A study tracking runners found no significant link between week-over-week mileage changes and injury risk. What did matter was how much a single run exceeded the longest run in the previous 30 days. When runners extended a single session by just 10 to 30 percent beyond their longest recent run, injury risk jumped by 64 percent. Doubling that longest run raised injury risk by 128 percent. The practical takeaway: keep any individual run within about 10 percent of your longest effort over the past month, and build gradually from there.
Other common training mistakes include adding speed work before you have a mileage base, running on cambered roads where one leg is always slightly higher, and skipping rest days when something feels “just a little sore.”
Surface, Shoes, and Stride
Hard surfaces like concrete transmit more impact force than asphalt, trails, or tracks, but surface alone rarely causes knee pain in someone with good strength and reasonable training habits. That said, if your knees are already irritated, switching to softer terrain can reduce symptoms while you address the underlying issue.
Worn-out shoes lose their ability to absorb shock. Most running shoes lose meaningful cushioning between 300 and 500 miles, depending on the model and your weight. If you can’t remember when you bought your current pair, they’re probably due for replacement.
Overstriding, where your foot lands well ahead of your center of mass, increases braking forces at the knee. Shortening your stride by about 5 to 10 percent (often achieved by increasing your step rate slightly) reduces the load on the kneecap and patellar tendon. You don’t need a gait analysis to try this: simply focus on landing with your foot closer to underneath your body rather than reaching out in front.
Signs That Need Medical Attention
Most running-related knee pain is the slow-building, annoying kind that responds to rest, strengthening, and smarter training. But certain symptoms signal something more serious.
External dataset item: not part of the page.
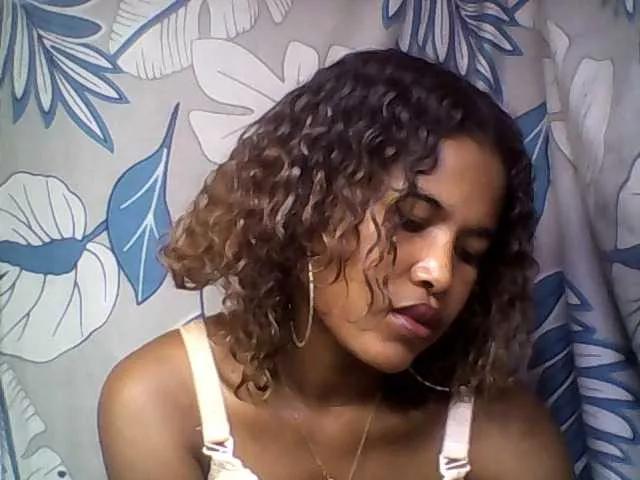 Freechat chaimah on BongaCams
- Rapid swelling: If your knee swells noticeably within four hours of an injury or a run, there’s a high likelihood of significant damage to a ligament, meniscus, or bone.
- Locking or catching: If your knee gets stuck and won’t fully straighten, you may have a torn meniscus that’s physically blocking the joint. Clicking alone is common and usually harmless, but true locking is not.
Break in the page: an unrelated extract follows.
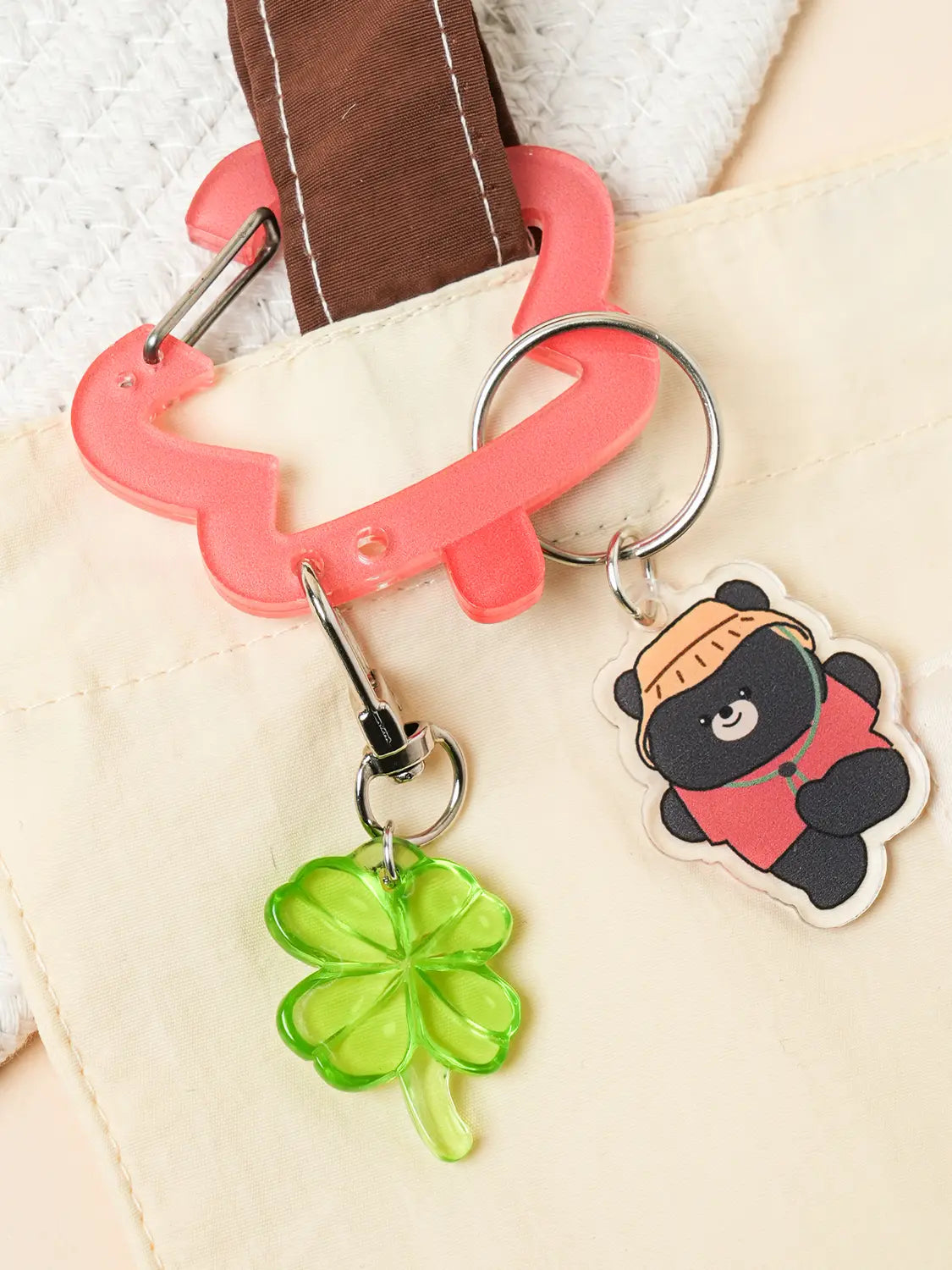 [DAISO] Autumn Maple Acrylic Carabiner Keyring / 가을이왔어요 아크릴 카라비너 키링 단풍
- Giving way: If your knee buckles or feels unstable when you put weight on it, a ligament may be involved.
- Inability to bear weight: Not being able to take four steps immediately after an injury raises the possibility of a fracture.
- Warmth and redness with fever: A hot, red, swollen knee combined with fever could indicate a joint infection, which can cause permanent damage if untreated.
- Night pain with unexplained weight loss: Persistent pain that wakes you up at night, combined with fever, night sweats, or unintentional weight loss, warrants prompt evaluation.
For the typical runner dealing with a dull ache that builds over weeks, the path forward is almost always the same: reduce your running volume temporarily, strengthen your hips and quads consistently, address any obvious training errors, and return to your previous mileage gradually. Most people see meaningful improvement within six to eight weeks of targeted strengthening, even if they’ve been dealing with the pain for months.